The project builds on existing work conducted by Professor Matthew Williams, Director of the Social Data Science Lab at the Data Innovation Research Institute and Professor of Criminology at Cardiff University and Dr Peter Burnap, senior lecturer in Computer Science & Informatics, to look for 'signatures' of crime and disorder in open source communications, not crimes themselves.
“In our statistical models based on London Met Police crime records and Twitter data, we found social media mentions of the breakdown of the local social and environmental order – mentions of littering, anti social behaviour, drinking disorderly, tipping – were highly correlated with certain types of crime, such as burglary,” says Williams. “These correlations were stronger than those found between crime records and conventional data, such as census data on educational attainment, unemployment etc. This preliminary evidence indicates social media data might be useful in providing near-real-time insights into crime patterns.” The next step, then, is to apply this experimental data to hate crimes.
The new project will collect Twitter posts containing terms that have been labelled as hate speech by human annotators over a 12-month period. The team’s original hate speech detection algorithm was developed in the UK following the Rigby murder and the new project will use similar machine learning techniques to build new hate speech algorithms based on US data. The team will also gain access to 12 months’ LAPD recorded hate crime data. These two measures will then be entered into statistical models to identify if there is a correlation, that is, whether an increase in hate speech in a given area is also statistically linked to an increase in recorded hate crimes on the streets in the same area.
“If the model shows such a relationship, then this social media data may be used in conjunction with conventional data sources to improve predictions of hate crimes offline. These new forms of data are also attractive as they can provide new information on changing risks in near real time, unlike conventional data that is often weeks or months out of date,” he says, adding that since the project is experimental, the absence of a significant correlation will not be surprise.
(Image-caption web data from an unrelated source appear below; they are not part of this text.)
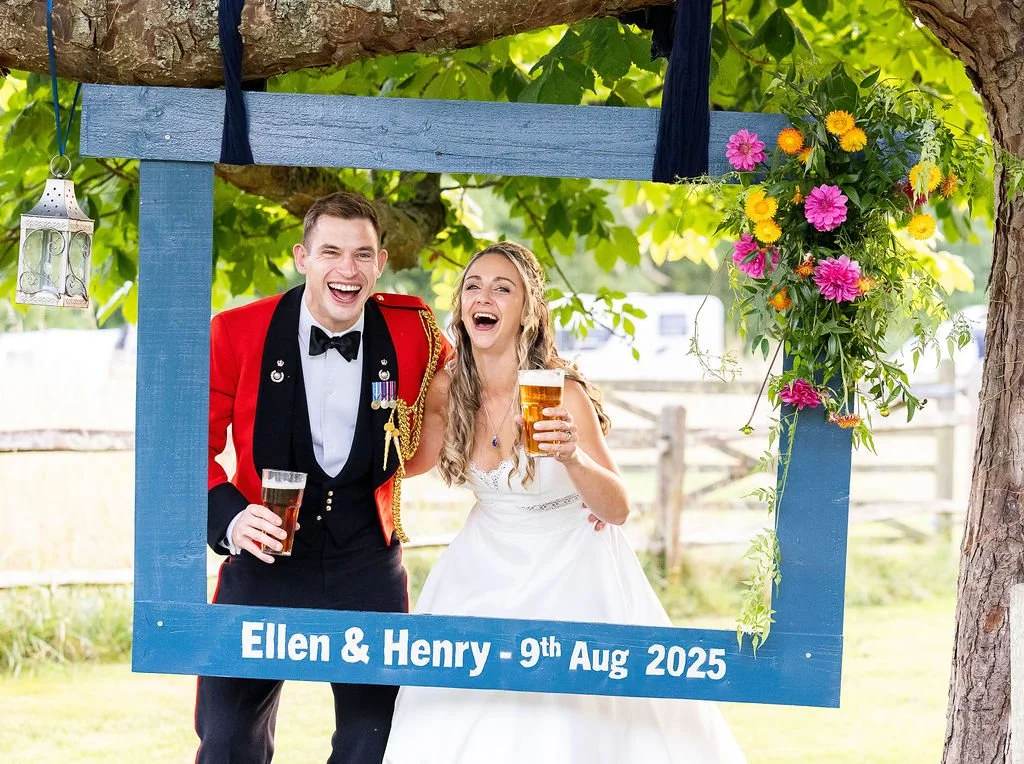 Ellen&Henry'sWedding2025-135.jpg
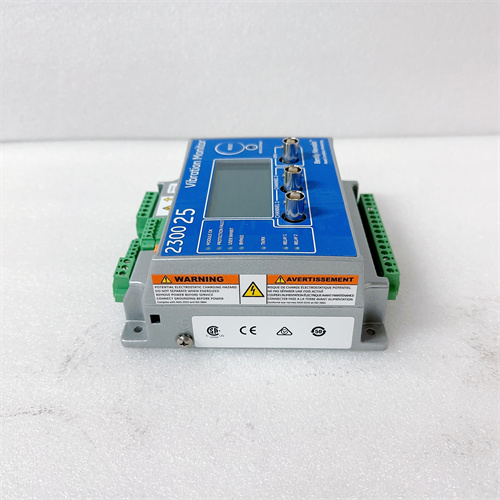 GE IC697CPM790 Industrial computer module1 GE IC697CPM790 Industrial computer module1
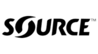Source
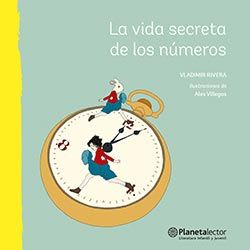 LA VIDA SECRETA DE LOS NUMEROS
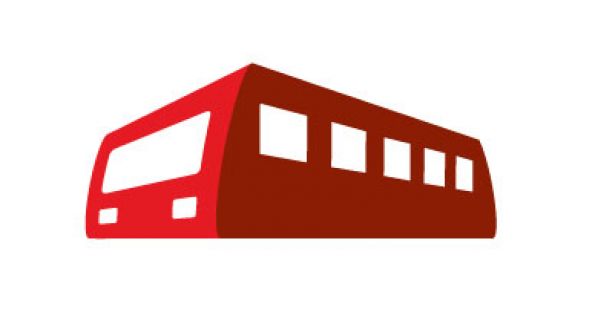 RedCars : City Tours em São Paulo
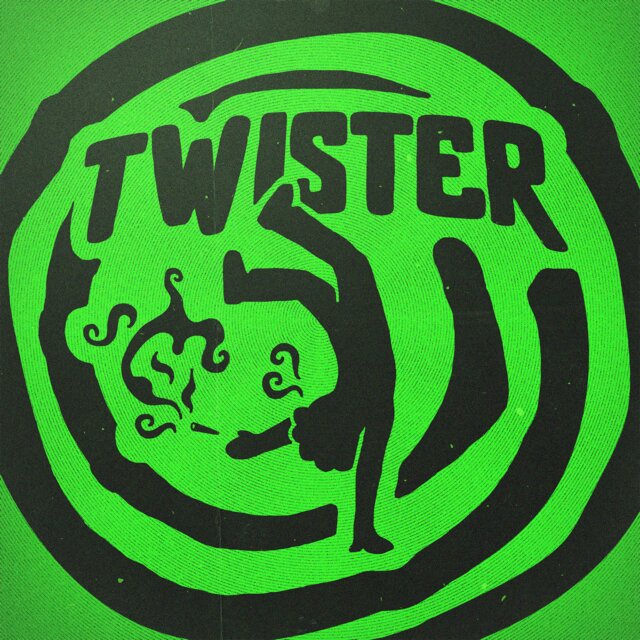 Twister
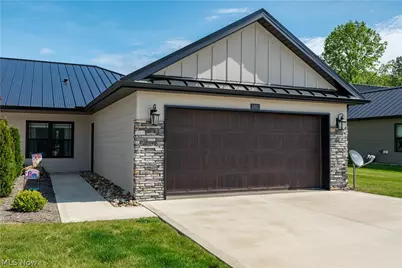 1021 Sycamore Lane, Millersburg, OH 44654 - Photo 1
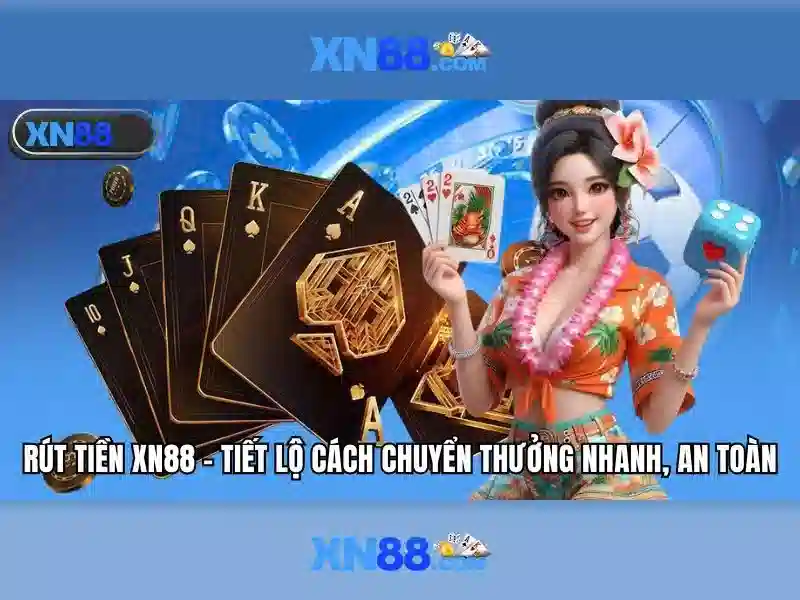 💎ty le bong da nha cai💎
Significantly the particular award for the University of Cardiff was to fight hate crime, and this, says Peter Wang, CTO and Co-Founder of Continuum Analytics, is an important distinction. Wang was core to the DARPA-funded Memex project to fight human trafficking. Using Anaconda and Continuum Analytics open source software projects, DARPA is able to effectively scale the Memex solution with the ever increasing web to index and cross reference interactive and social media, text, images, and video. These deep searches combined with rich visualisations identify patterns and connect the dots about typically elusive movements across locations. Reports by NYDA’s office attribute Memex to over 20 active sex trafficking investigations and nine open indictments.